INFORMATION SUPPLIED:
——

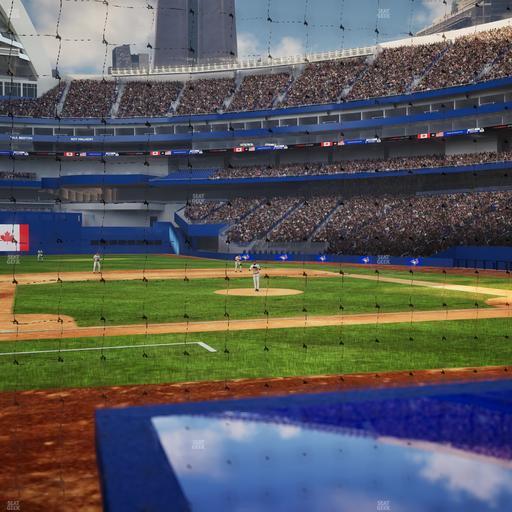 Rogers Centre - Section 32 Seat View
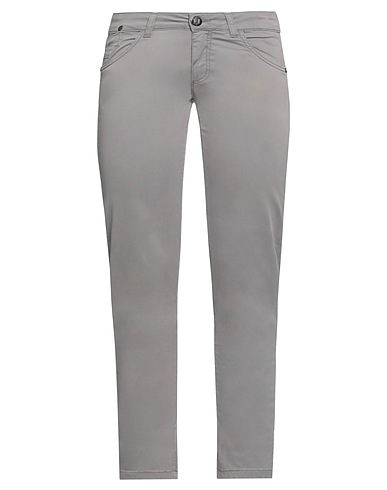 MARANI JEANS Casual pants Grey 98% Cotton, 2% Elastane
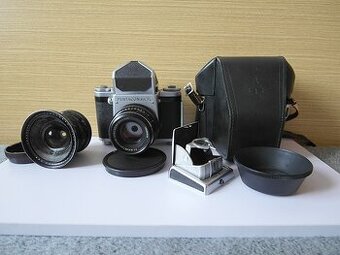 Pentacon SIX TL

——

ACTIVITY: I would like the material repeated in full and exactly, with its images omitted.

RESULT OF THE EXERCISE:
 Rogers Centre - Section 32 Seat View
 MARANI JEANS Casual pants Grey 98% Cotton, 2% Elastane
 Pentacon SIX TL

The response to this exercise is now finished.